CPAR Dataset consists of Devanagri(Hindi) Characters and Digits. This Dataset was collected by Mr. Rajiv Kumar. It took almost 3 years to collect this dataset. He collected data from writers belonging to diverse population strata. They belonged to different age groups (from 6 to 77 years), genders, educational backgrounds (from 3rd grade to postgraduate levels), professions (software engineers, professors, students, accountants, housewives and retired persons), regions (Indian states: Bihar, Uttar Pradesh, Haryana, Punjab, National Capital Region (NCR), Madhya Pradesh, Karnataka, Kerala, Rajasthan, and countries: Nigeria, China and Nepal).
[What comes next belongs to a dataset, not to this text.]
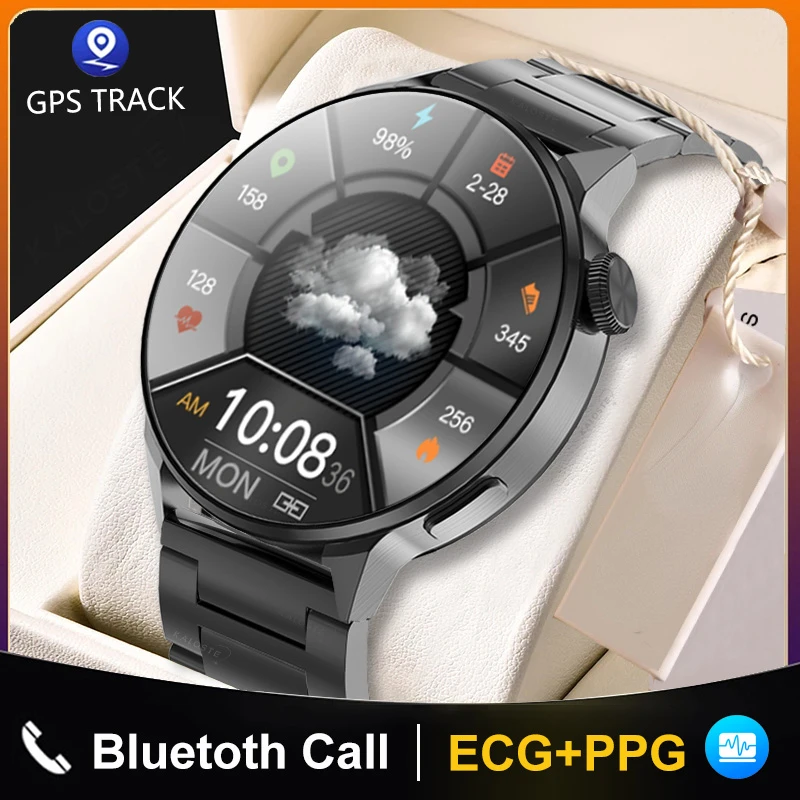 

2022NFC Smart Watch Men Bluetooth Call Sport GPS Track Watch Wireless Charging Custom Dial Heart Rate ECG Smartwatch For Xiaomi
CPAR contains 48 Characters and 9 Digits.
$ pip install cpar
$ git clone git://github.com/gaganmanku96/cpar
$ cd cpar
$ python setup.py install
$ from cpar.char import load_data
$ (x_train, y_train), (x_test, y_test) = load_data()
$ from cpar.digit import load_data
$ (x_train, y_train), (x_test, y_test) = load_data()
- Kumar Rajiv, Amresh Kumar, and Pervez Ahmed. "A benchmark dataset for devnagari document recognition research." In 6th International Conference on Visualization, Imaging and Simulation (VIS'13), Lemesos, Cyprus, pp. 258-263. 2013.
- Kumar, Rajiv, and Kiran Kumar Ravulakollu. "HANDWRITTEN DEVNAGARI DIGIT RECOGNITION: BENCHMARKING ON NEW DATASET." Journal of theoretical & applied information technology 60, no. 3 (2014).